Fabio Sartori ha fatto annunciare indisposizione (tracheite), ma di fatto ha cantato molto bene (benissimo la splendida “Ciel Pietoso”, giustamente salutata da un lungo applauso). Martone e la costumista (la gloriosa Ursula Patzak: splendido lavoro!) ne hanno sfruttato la fisicità: è lui l’abitante eccessivo di quella casa eccessivo, luogo di cosca, di passione, di delitto.
Spettacolo da vivere, da discutere, da ripensare e rivivere “dopo”, nelle nostre strade, nei nostri ambienti poveri od opulenti, nella nostra vita e nelle nostre scelte di uomini e di italiani. Aggiungo che da qui – come da Pagliacci e da Cavalleria, e anni prima dal meraviglioso Così Fan Tutte – esco da teatro con il pensiero, fra i tanti, che Mario Martone sia un italiano di cui andar fieri. Pensiero vero e assolutamente non retorico.Verdi e il regista (che ha risposto con il garbo sorridente che lo connota a chi ha apprezzato e a chi no) ci raccontano molto, di noi stessi. E io all’uno e all’altro, dico grazie. E’ per questo che vado all’opera.
marco vizzardelli
Mi è scappato un paio di volte il nome Cuniza con due z. Tendo a memorizzarlo così
m.viz.
E ovviamente non è il coro di Oberto che cita la festa di Traviata, semmai il contrario: intendevo sottolineare la somiglianza.
marco vizzardelli
Qua bisogna ricondurre al suolo l’eclettico Vizzardelli che inavvertitamente ha creduto di imbarcarsi su uno Space Shuttle a rimirare il lato oscuro della Luna, mentre invece, più modestamente, era salito su una ruota panoramica di un Luna Park di periferia a rimirare sì la Luna, ma dal basso e nemmeno in una serata limpida.

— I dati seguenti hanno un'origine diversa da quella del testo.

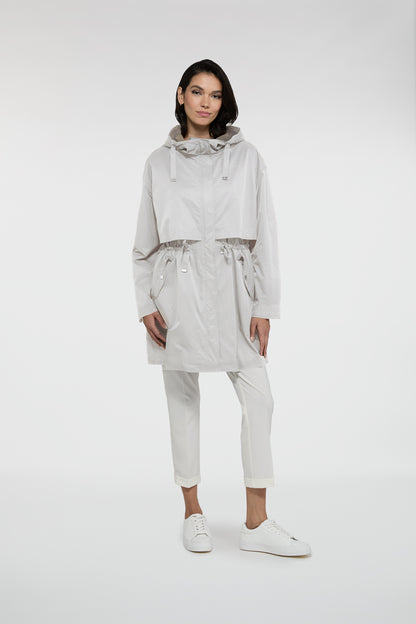 TRENCH OVERSIZE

Punto primo: Oberto. Lascio la parola a Budden, il più grande storico e analista divulgativo di tutte le opere di Verdi. “Come opera prima l’Oberto è un risultato interessante: ma non dobbiamo nemmeno esagerare. Verdi aveva allora ventisei anni, l’età in cui Mozart aveva scritto il Ratto, con Idomeneo già alle spalle: il primo rimasto in repertorio fin dalla prima sera, il secondo che comincia ad entrarci adesso. L’Oberto in NESSUN CASO (maiuscolo mio ndr) potrebbe insediarsi in un repertorio generale. (…omissis…) Se Verdi fosse morto dopo aver scritto Oberto oggi nessuno lo ricorderebbe, poichè nell’opera NON C’E’ NULLA DI QUELLA RISOLTA COMPIUTEZZA CHE SI PUO’ TROVARE NEI LAVORI DI GENII PIU’ GIOVANI (maiuscolo mio, ndr)” (J. Budden, Le Opere di Verdi, vol I, pag. 70).

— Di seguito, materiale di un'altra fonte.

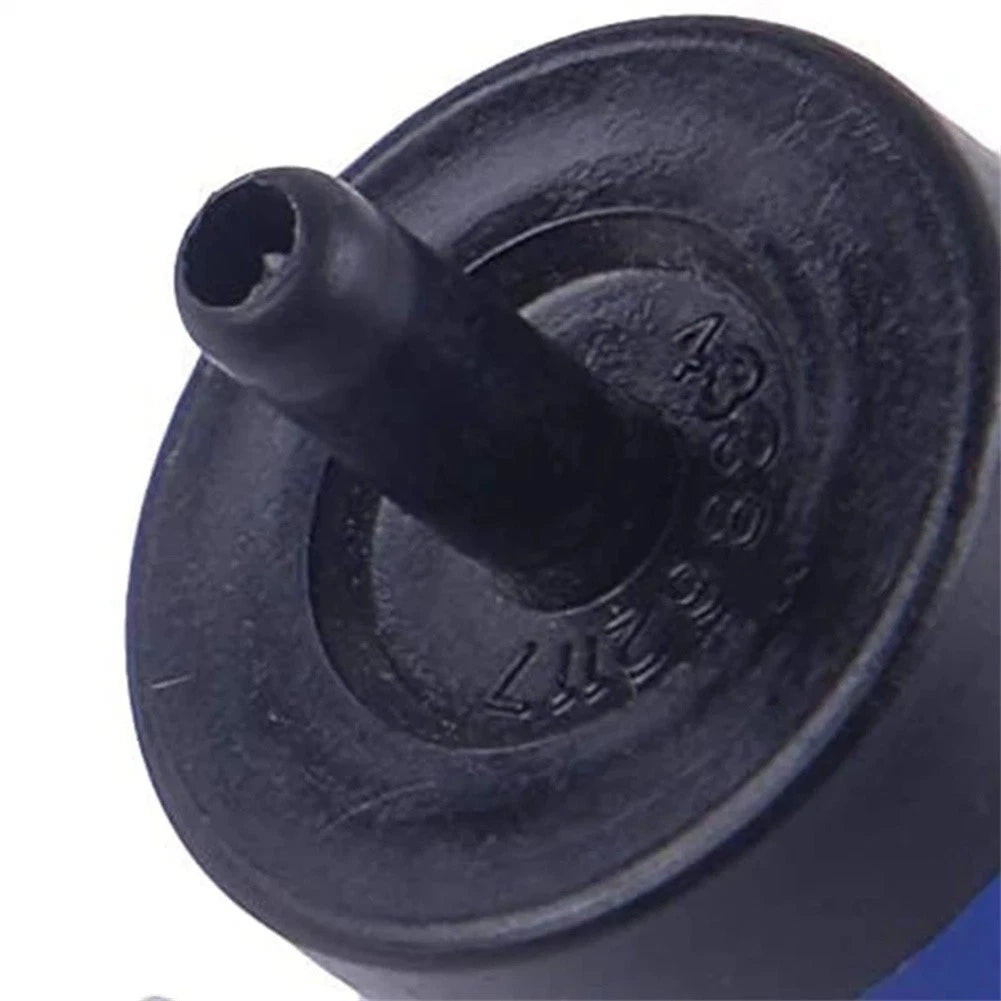 Vacuum Check Valve for Car Accessories (Approx. 2.3x4.4cm)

In pratica, come lo stesso Budden in chiusura specifica, l’Oberto altro non è che l’inizio di un cammino. Che è interessante alla luce di quello che è seguito e quasi per nulla in sè. L’interesse di Oberto in sè è inferiore a quello di opere compiute di Mercadante.
Ora, Oberto è melodramma di maniera, sembra addirittura, alla luce di analisi anche recenti, derivata da un’opera abbandonata in precedenza (tale Rocester) con elementi da questa riciclati. La scrittura orchestrale è elementare, anche se talvolta balugina qualche originalità (“A quell’aspetto un fremito”) e certi salti armonici. Ma l’insieme è rossinismo e al meglio donizettismo.
Per questo, in maniera del tutto coerente, stimmatizzo la scelta di Frizza di aderire alla convenzione “bonyngeiana” che vuole ogni esecuzione del belcanto italiano imperniata su orchestra ridotta ai minimi termini, alleggerita, possibilmente con i “legni alti” (flauti e ottavini) che bucano il tessuto per dare sempre quella patina traslucida e levigata da accompagnamento edulcorato (ed educato). Il belcanto italiano va, orchestralmente, trattato come usava Schippers (la Lucia!), come usava Levine (il primo, indimenticabile James Levine della GIovanna d’Arco!). Se Oberto bisogna fare che si riempiano i leggii di Lambrusco, di ritmo, di sangue, di iperbole. Non di Idolitrina poco Frizz-ante.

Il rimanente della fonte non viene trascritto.